#### Task instructions:
Give again, unaltered, the line with "A gloved hand" and all lines that follow it in the listing below, minus any pictures.

#### Material to process:
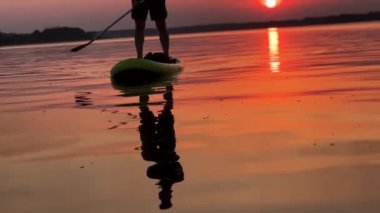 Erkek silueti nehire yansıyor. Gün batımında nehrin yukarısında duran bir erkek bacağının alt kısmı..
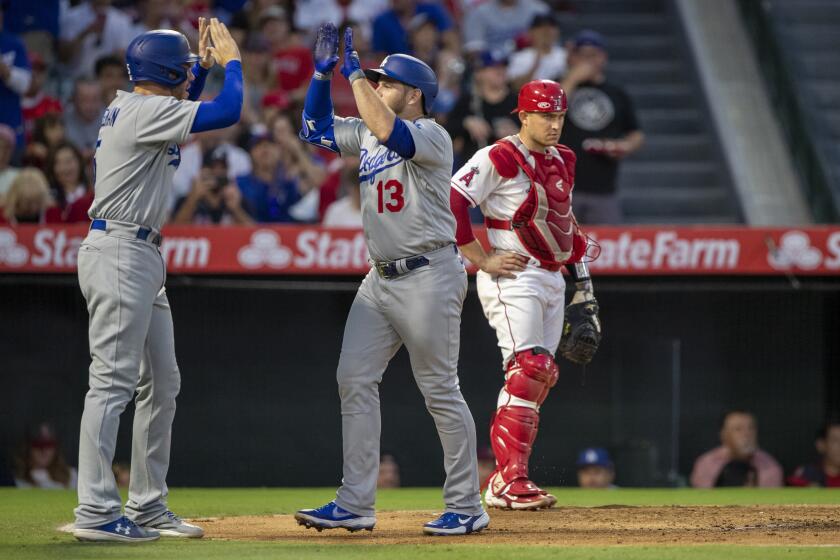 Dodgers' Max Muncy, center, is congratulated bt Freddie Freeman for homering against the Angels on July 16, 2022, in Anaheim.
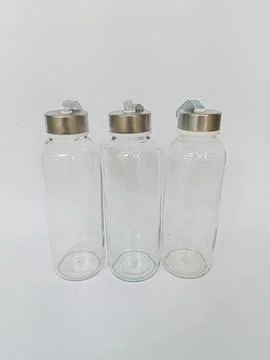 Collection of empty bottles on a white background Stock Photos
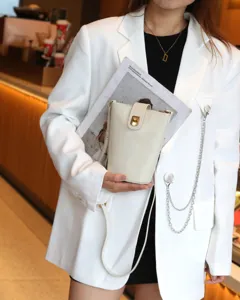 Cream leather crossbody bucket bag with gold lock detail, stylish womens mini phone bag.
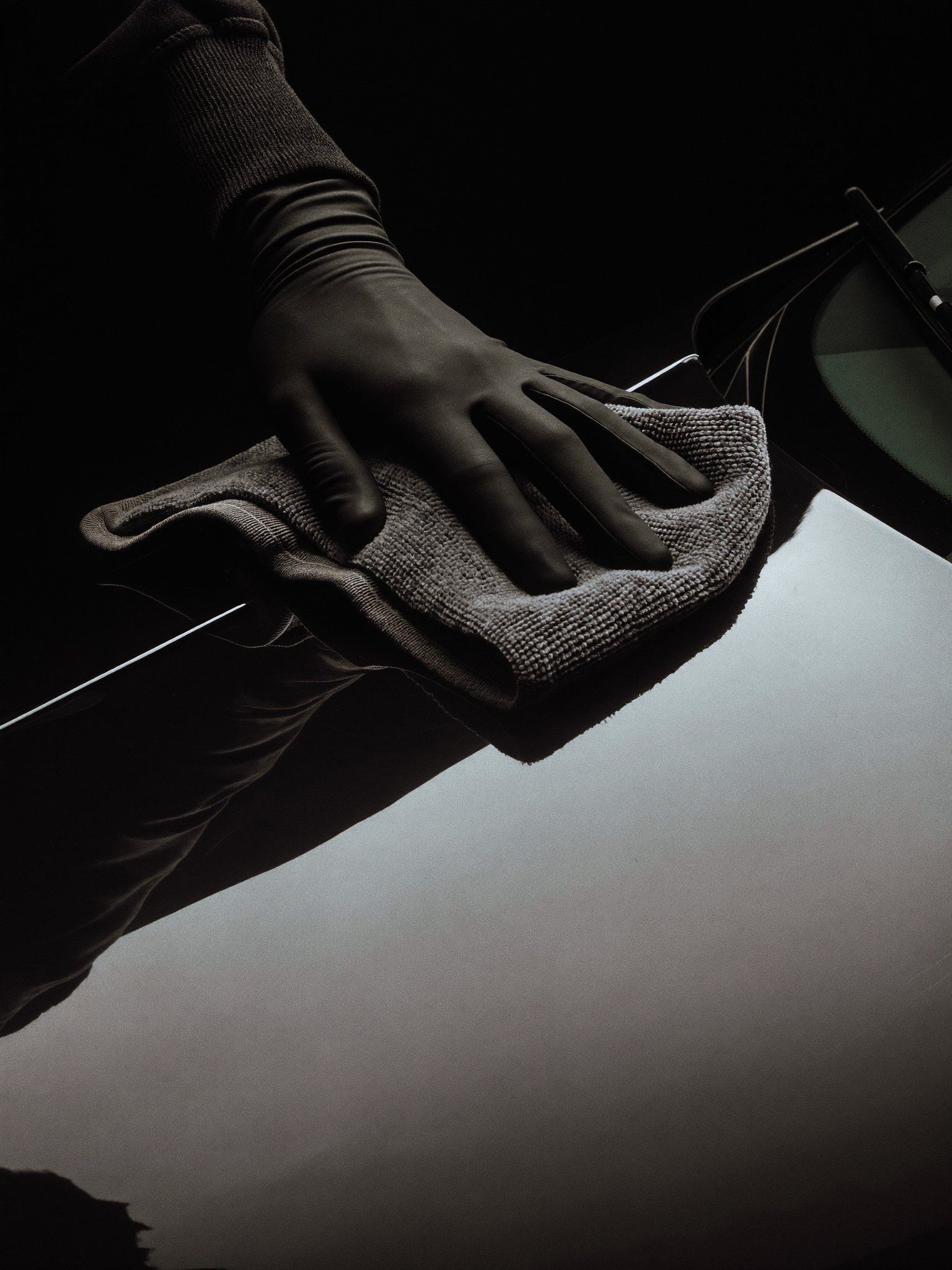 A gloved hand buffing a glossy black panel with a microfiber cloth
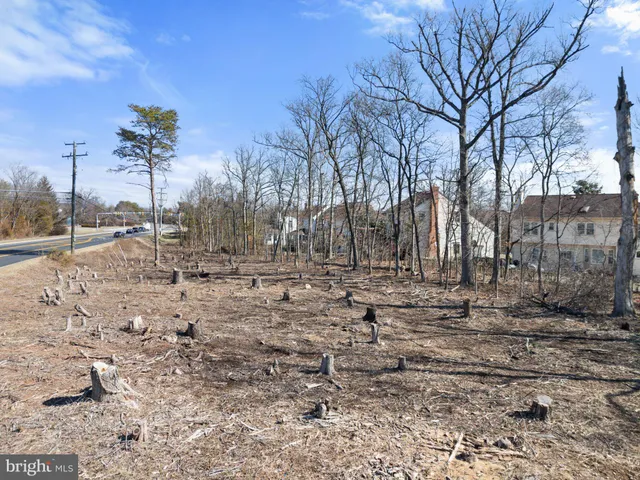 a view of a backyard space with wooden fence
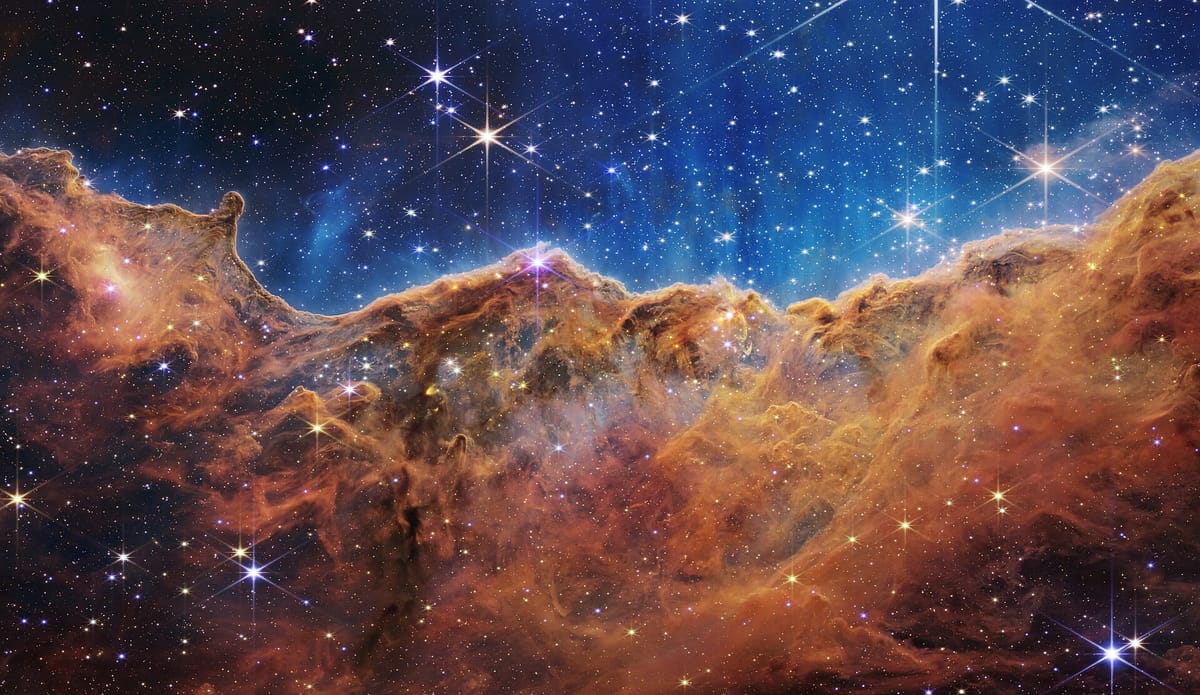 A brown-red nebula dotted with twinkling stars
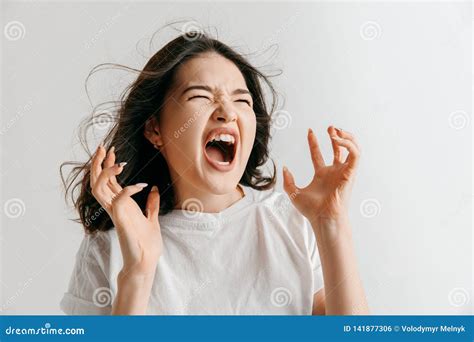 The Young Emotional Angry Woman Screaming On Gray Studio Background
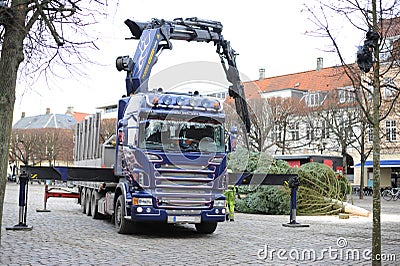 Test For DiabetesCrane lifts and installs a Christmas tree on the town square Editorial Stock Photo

#### Solution:
 A gloved hand buffing a glossy black panel with a microfiber cloth
 a view of a backyard space with wooden fence
 A brown-red nebula dotted with twinkling stars
 The Young Emotional Angry Woman Screaming On Gray Studio Background
 Test For DiabetesCrane lifts and installs a Christmas tree on the town square Editorial Stock Photo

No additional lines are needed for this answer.